In the end, the forum isn't the best place to type someone. There is merit to what others say, as your habits on the forum are surely an indication of something you would not show in real life (many people have reported that they feel they can be 'themselves' here, rather than in their own lives), but at the same time, that little smidgen is rubbed out by what you don't see. Since none of this is face-to-face, and almost none of it happens in real time, it's hard to see who the real person is.

Maybe they ought to delve into outward vs. inward theory in more Enneagram descriptions.


----------



## Karen (Jul 17, 2009)

I don't usually visit the Enneagram part of the forum but I happened to stumble upon this thread today and want to add comments regarding MBTI, since it seems to fit here.

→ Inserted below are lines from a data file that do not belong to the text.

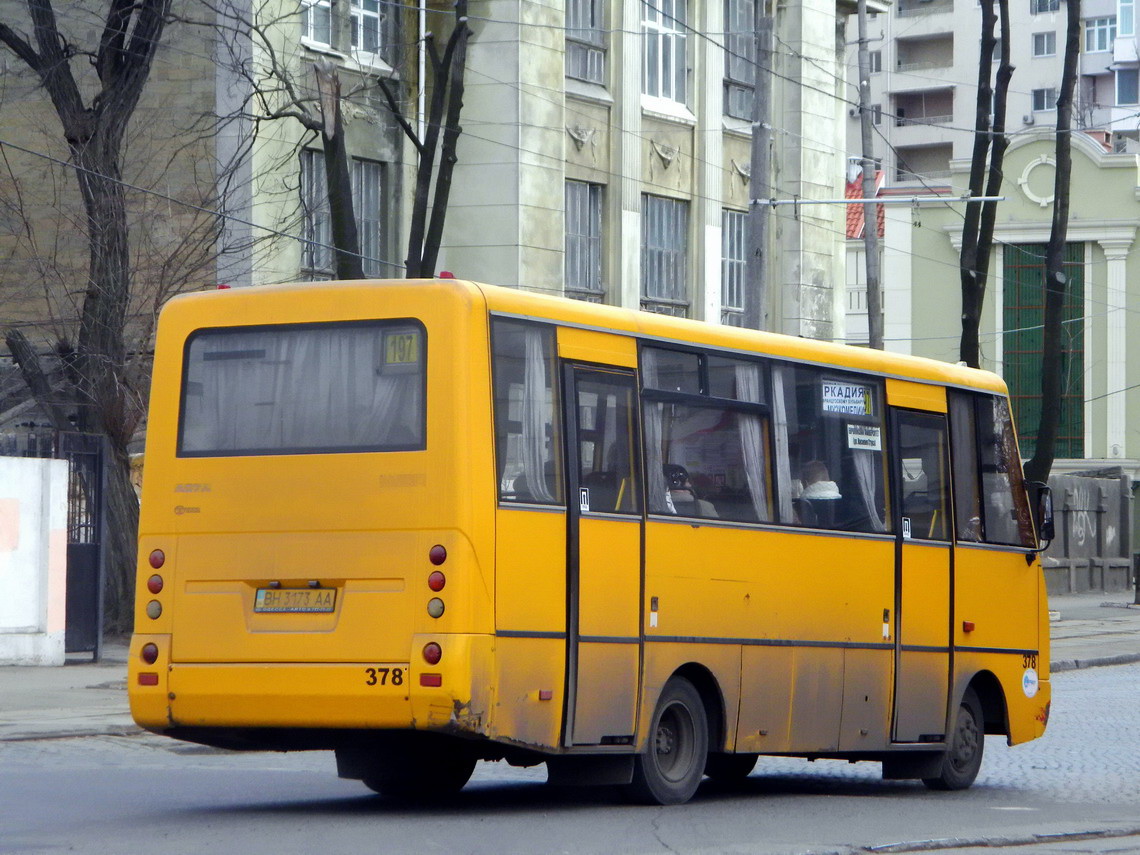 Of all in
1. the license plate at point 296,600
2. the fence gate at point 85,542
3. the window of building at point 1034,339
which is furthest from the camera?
the window of building at point 1034,339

After spending months thinking I was an ESFP, I realized in the last couple days that ESFP is the mask I wear for others and the place I fall into when I'm stressed, as I learned to do in childhood. After not being able to figure out my type, I chose ESFP from the 16 descriptions but now see that I should have looked not at behavior but to who I am inside -- a thinker, even though it doesn't always get expressed enough for me to easily fit into ESTP descriptions.

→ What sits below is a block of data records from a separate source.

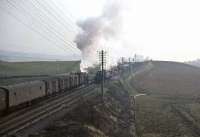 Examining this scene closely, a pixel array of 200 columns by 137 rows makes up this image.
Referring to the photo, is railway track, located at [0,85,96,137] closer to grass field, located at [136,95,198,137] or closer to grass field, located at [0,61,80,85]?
grass field, located at [136,95,198,137]

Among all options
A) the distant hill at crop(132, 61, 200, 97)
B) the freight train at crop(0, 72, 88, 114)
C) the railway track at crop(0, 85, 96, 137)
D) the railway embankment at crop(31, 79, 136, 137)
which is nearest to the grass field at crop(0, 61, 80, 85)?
the distant hill at crop(132, 61, 200, 97)

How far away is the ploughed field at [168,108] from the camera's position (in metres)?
32.8

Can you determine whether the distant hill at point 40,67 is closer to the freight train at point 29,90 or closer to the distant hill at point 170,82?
the distant hill at point 170,82

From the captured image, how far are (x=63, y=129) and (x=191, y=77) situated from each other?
264 ft

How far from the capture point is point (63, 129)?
23016mm

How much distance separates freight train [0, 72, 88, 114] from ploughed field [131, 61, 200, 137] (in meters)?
13.9

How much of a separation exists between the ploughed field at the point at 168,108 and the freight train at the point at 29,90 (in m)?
13.9

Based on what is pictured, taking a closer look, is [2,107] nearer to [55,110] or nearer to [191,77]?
[55,110]

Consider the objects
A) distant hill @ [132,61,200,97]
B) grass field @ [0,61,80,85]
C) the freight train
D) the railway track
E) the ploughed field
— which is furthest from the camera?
grass field @ [0,61,80,85]

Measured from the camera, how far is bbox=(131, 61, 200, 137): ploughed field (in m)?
32.8

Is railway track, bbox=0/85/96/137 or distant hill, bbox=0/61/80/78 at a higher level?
distant hill, bbox=0/61/80/78

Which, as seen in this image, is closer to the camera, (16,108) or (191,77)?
(16,108)

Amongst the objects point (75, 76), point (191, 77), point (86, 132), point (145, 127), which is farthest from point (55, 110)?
point (191, 77)

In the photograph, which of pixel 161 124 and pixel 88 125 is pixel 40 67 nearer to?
pixel 161 124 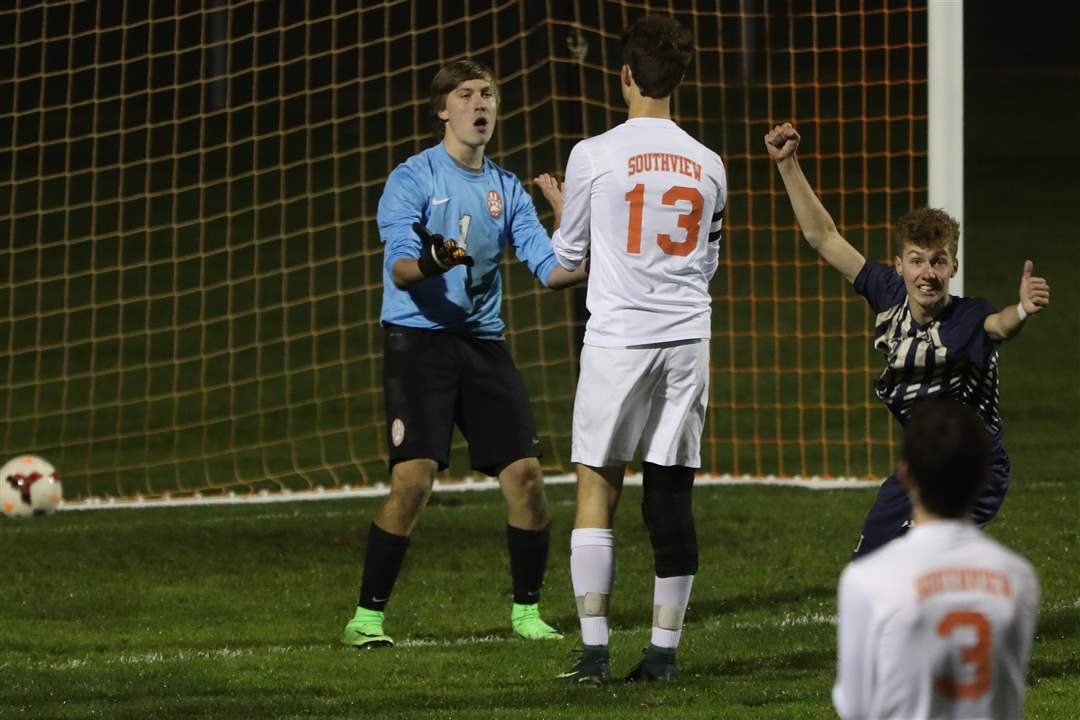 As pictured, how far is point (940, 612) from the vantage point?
10.1 feet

I agree with Grey, that we should look most to ourselves to sort out type, especially our motivations rather than behavior. And I've found that many times M-B and Enneagram descriptions of how people of that type behave can end up sounding like caricatures, not real people.

7w6


----------



## Tucken (Dec 13, 2009)

Karen said:


> I don't usually visit the Enneagram part of the forum but I happened to stumble upon this thread today and want to add comments regarding MBTI, since it seems to fit here.
> 
> I agree with Grey, that we should look most to ourselves to sort out type, especially our motivations rather than behavior. And I've found that many times M-B and Enneagram descriptions of how people of that type behave can end up sounding like caricatures, not real people.
> 
> 7w6


That's what I think is so great about the enneagram. It goes deep into why we are behaving in certain ways instead of focusing on how we behave. I think it really pin-points my being and works great for me, better than the MBTI.


----------



## cardinalfire (Dec 10, 2009)

Aren't you guys just talking about character and integrity here?

If you are acting with integrity in your life, why wouldn't the 'you' who you feel you are be the same as the 'you' that others see?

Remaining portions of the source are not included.